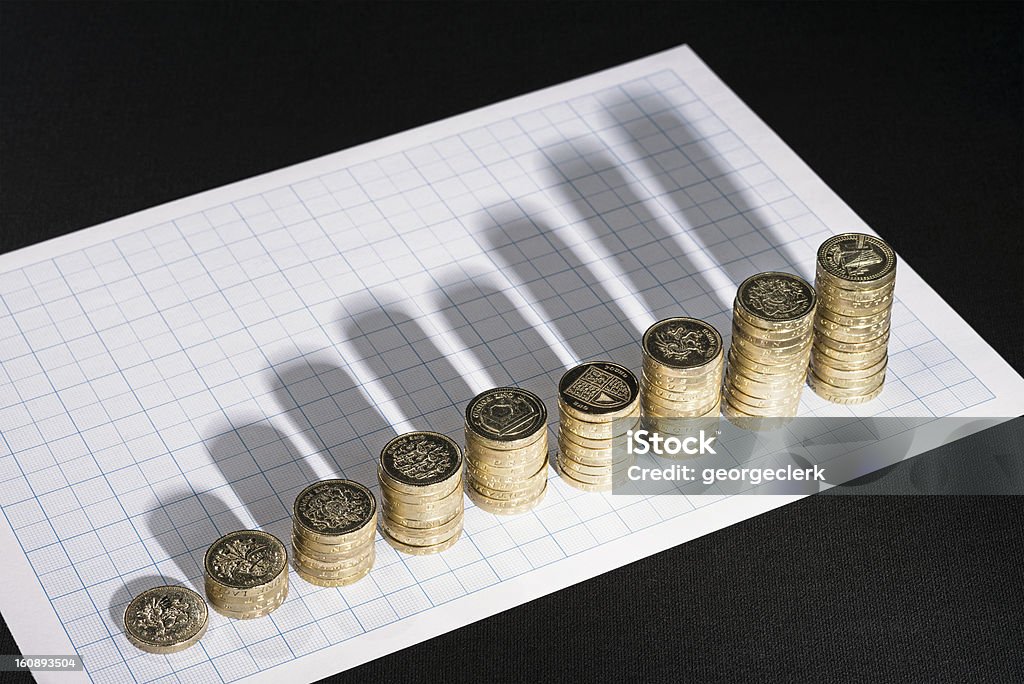 Analysis of Growth Rising stacks of UK Pound coins, casting shadows onto graph paper. Investment Stock Photo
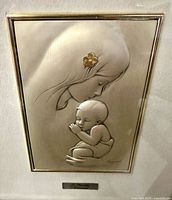 Front view of framed relief showing full artwork and frame
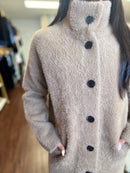 Tan long sweater jacket side view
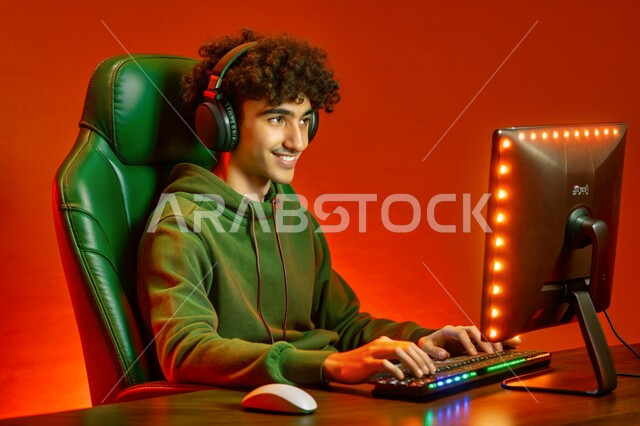 استخدام التقنيات والتكنولوجيا الحديثة، منصة البث المباشر في عالم ألعاب الفيديو، بورتريه لشاب عربي خليجي سعودي يرتدي سماعة الرأس يعمل على جهاز الحاسوب المحمول، مفهوم الاندماج والتفاعل، خلفية ملونة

● ● ● ● ● ● ●

WHAT THE TASK ASKS: Restate the data exactly, though only from the line that contains "Front view of" through its last line, both ends included and with the pictures left out.

SOLUTION TO THE PROBLEM:
 Front view of framed relief showing full artwork and frame
 Tan long sweater jacket side view
 استخدام التقنيات والتكنولوجيا الحديثة، منصة البث المباشر في عالم ألعاب الفيديو، بورتريه لشاب عربي خليجي سعودي يرتدي سماعة الرأس يعمل على جهاز الحاسوب المحمول، مفهوم الاندماج والتفاعل، خلفية ملونة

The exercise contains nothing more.